The grandeur and beauty of Euboea’s landscapes are matched only by their constantly unfolding variety. The island is like a microcosm of all of Greece: the northern tip has the feel of the wooded and bucolic landscapes of Corfu; the mountainous gorges of the centre are like parts of Epirus and Roumeli; the valleys inland of Kymi have a gentleness and a wealth of painted churches which remind one of parts of the Peloponnese; the area around Dystos feels uncannily like Boeotia; and the south of the island, hemmed by windy beaches, is wild and rugged in the grandest Cycladic manner. On top of all this, there are parts of the island that are unlike any where else at all, such as the majestic, watered valleys of Dirfys and Ochi—the island’s highest mountains, with their impressive and puzzling stone structures known as ‘drakospita’, or ‘dragon’s houses’, which are unique to Euboea. The mountains of Dirfys and Ochi and Kandili—all of them with summits equivalent to or substantially higher than Ben Nevis—are so fundamental to the appearance and the water and the weather of the island, that they merit individual exploration. Each possesses a strong personality, quite distinct from the other two.

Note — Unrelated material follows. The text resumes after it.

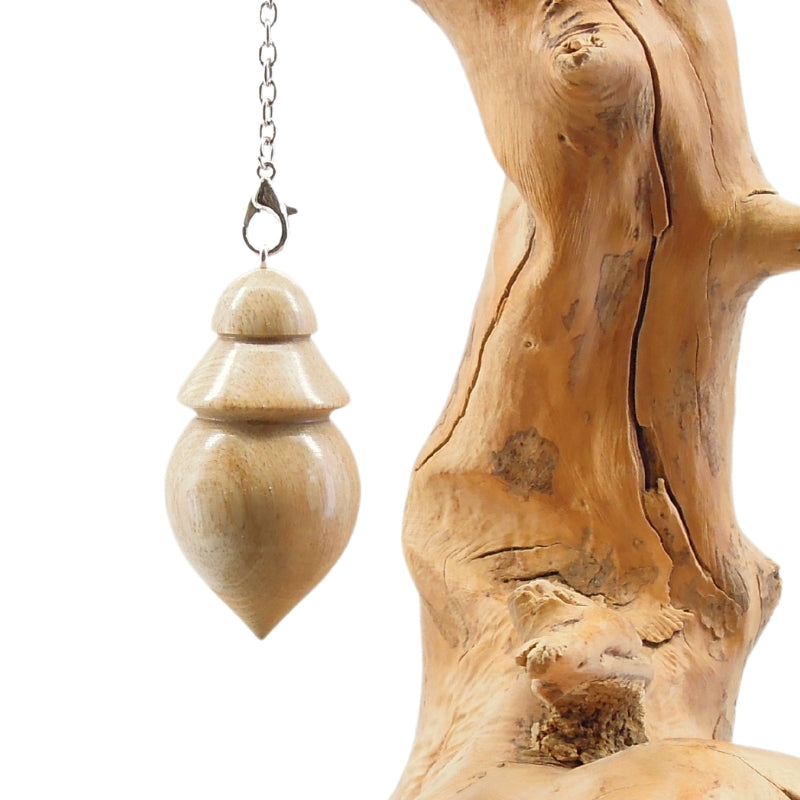 Pendule artisanal divinatoire en charme avec chainette.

Lying so close to the body of Greece, Euboea maintains much of the welcome normality of mainland life, yet it conserves the tranquillity and individuality of an island. There is no airport and the several harbours of access are small and informal. It is possible to drive to the island across the old or the new Euripus bridge. And once out of the busy capital of Chalcis, you can be in forests and gorges and mountains within a matter of minutes. Some of Greece’s remotest villages even are to be found at the island’s southeastern corner.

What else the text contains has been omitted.